Syahdan, pada penyerangan berikutnya pasukan Mataram berhasil mengepung Beteng Batavia dan menjebol temboknya. Sebelumnya, mereka membendung sungai Ciliwung. Maklum, saat itu musim kemarau jadi pembendungan sungai mudah dilakukan, alirannya dibelokkan ke sungai lain. Akibatnya, aliran sungai Ciliwung ke arah Beteng VOC kering, penuh bangkai hewan, tinja terserak di mana-mana1 dan terjadi penyebaran berbagai penyakit antara lain disentri yang menyebabkan Gubernur Jenderal Jan Pietersz Coen mati.

Penyerangan yang dilakukan secara terus-menerus itulah yang menyebabkan VOC kehabisan mesiu. Tetapi, VOC tak hilang akal. Meriam-meriam VOC diisi dengan tinja dan ditembakkan ke arah pasukan Mataram2. Serangan tinja itu membuat kalang-kabutnya pasukan Mataram. Mereka yang terkena tinja berlari dan menerjunkan diri ke sungai Ciliwung untuk membersihkan diri. Benda najis dan menjijikkan itu telah membuat semangat perang pasukan Mataram turun drastis. Sebagian besar dari pasukan Mataram memilih balik-kanan meninggalkan Beteng VOC.

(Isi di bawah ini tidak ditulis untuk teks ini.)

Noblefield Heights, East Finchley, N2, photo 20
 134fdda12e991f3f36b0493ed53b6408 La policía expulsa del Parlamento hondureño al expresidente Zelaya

Dari peristiwa inilah nama Betawi muncul. Pasukan Mataram yang terkena tinja berteriak: “mambet tai…. mambet tai…..mbet tai….mbetai….” (bau tahi), kemudian dalam percakapan sehari-hari lahir istilah mBetawi.

~oOo~

Para perantau datang ke Jakarta bukan untuk menyerang Beteng-nya, tapi mengadu nasibnya sendiri. Entah, apakah nasibnya nanti menang atawa malah menjadi pecundang. Pulang ke kampung halaman membawa bau wangi atawa bau tahi.

Catatan kaki:
1  Pada masa penyerangan Sultan Agung rumah-rumah di Batavia belum memiliki kamar mandi atawa kakus. Maka, tinja dibuang ke mana saja termasuk ke kanal/sungai. Pada tahun 1630 muncul aturan baru bahwa tidak boleh buang tinja sebelum pukul sembilan malam. Sementara, di Eropa baru mengenal WC da saluran pembuangan air baru  pada abad ke-19.
2 Soal penembakan dengan tinja terhadap pasukan Mataram, menurut Dr. De Graaf itu bukan hal tidak mungkin terjadi karena dalam laporan Valentijn, benteng pertahanan Maagdenburg hingga bertahun-tahun dalam abad 17 disebut Kota Tai.